Osiris-R (Ours)	49.0 ( $\pm$ 0.4)	5.0 ( $\pm$ 0.6)	8.3 ( $\pm$ 0.6)	62.8 ( $\pm$ 0.2)	31.7 ( $\pm$ 0.1)	36.3 ( $\pm$ 0.1)	3.6 ( $\pm$ 0.2)	5.5 ( $\pm$ 0.1)	45.1 ( $\pm$ 0.1)	27.5 ( $\pm$ 0.3)
Osiris-D (Ours)	49.8 ( $\pm$ 0.1)	4.4 ( $\pm$ 0.3)	8.4 ( $\pm$ 0.2)	64.2 ( $\pm$ 0.1)	31.5 ( $\pm$ 0.2)	37.5 ( $\pm$ 0.4)	2.9 ( $\pm$ 0.2)	5.0 ( $\pm$ 0.4)	46.5 ( $\pm$ 0.2)	28.1 ( $\pm$ 0.1)
Offline	52.5 ( $\pm$ 0.4)	-	-	67.9 ( $\pm$ 0.1)	-	36.8 ( $\pm$ 0.1)	-	-	46.4 ( $\pm$ 0.2)	-

Table 3: Results on 10-task sequences on structured CIFAR-100 and Tiny-ImageNet. The two best models are marked. Osiris-D performs the best, surpassing Offline on Structured Tiny-ImageNet.
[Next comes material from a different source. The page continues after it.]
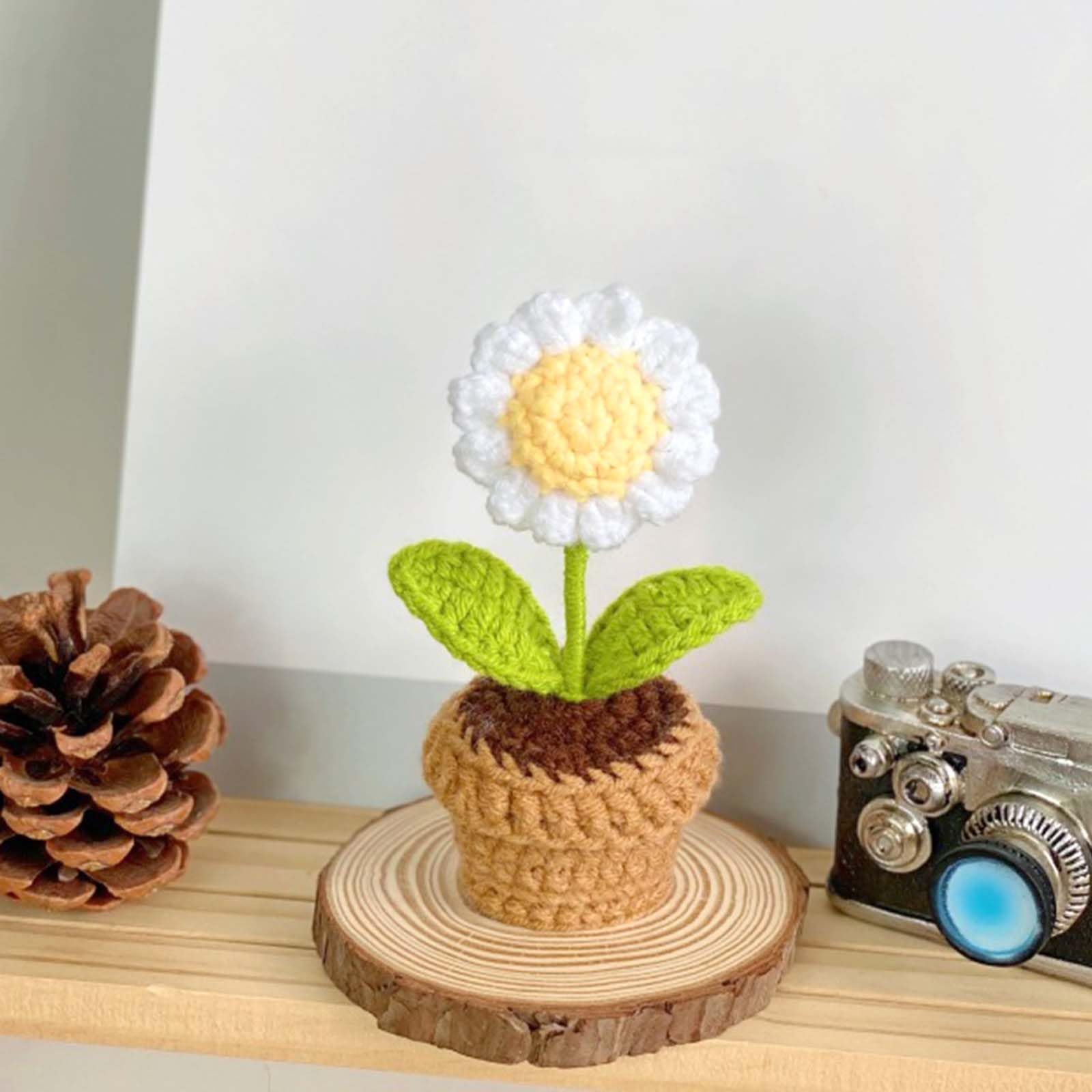 Marguerite tricotée main en pot, petite fleur artificielle de bureau et voiture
4.3 Results on the Standard Benchmarks

In Table 2, we report the results of all models on Split-CIFAR-100. Our first observation is that FT is already a very strong baseline with a final accuracy only 2% below the Offline model’s accuracy on the 5-task sequence. Moreover, Osiris-D closes this gap with Offline on both overall accuracy ( $p = 0.185$ by an unpaired t-test) and consolidation score. We hypothesize that this is in part attributed to that Osiris-D leverages the data ordering by contrasting the current task and the memory, although task labels are not explicitly given. On the other hand, Offline does not have any task label information. Among all methods, Osiris consistently achieves the highest overall accuracy, consolidation score, and forward transfer, regardless of the number of tasks. Comparing Osiris-R and Osiris-D, we find that there’s still a trade-off between plasticity and stability. Osiris-R shows more knowledge gain at the expense of higher forgetting, and Osiris-D shows lower forgetting but sometimes lower knowledge gain.

CaSSLe shows low forgetting on both task sequences but lower knowledge gains than all the other methods except EWC, indicating that parallel projectors (in Osiris) might be a better choice than sequential ones (in CaSSLe) at improving plasticity. POCON is designed to maximize plasticity by distilling the model with a single-task expert, achieving the highest knowledge gain among the distillation-based methods (except Osiris-D on the 20 tasks). LUMP improves over FT on the 20-task but not on the 5-task sequence, and we hypothesize that it is because memory is more important when individual tasks are less diverse. Interestingly, the knowledge gain of FT is not the upper bound for UCL methods. This may be because UCL methods implicitly leverage learned representations or memory to help learn a new task (a form of forward transfer). For example, the methods with the highest knowledge gain on each benchmark are ER+ and ER++, which both involve contrasting the current task and the memory, a component that is not present in ER.

General findings.

Similar to Madaan et al. (2022), we find all UCL methods exhibit very low forgetting compared to previously reported numbers in SCL (Chaudhry et al., 2018). In general, the models with the lowest forgetting applies distillation. Indeed, a previously hypothesized criticism for replay-based methods is that they are prune to overfitting to memory (Fini et al., 2022), which we analyze empirically in Sec. 4.5. On the other hand, they show more plasticity and have higher knowledge gain on the new task.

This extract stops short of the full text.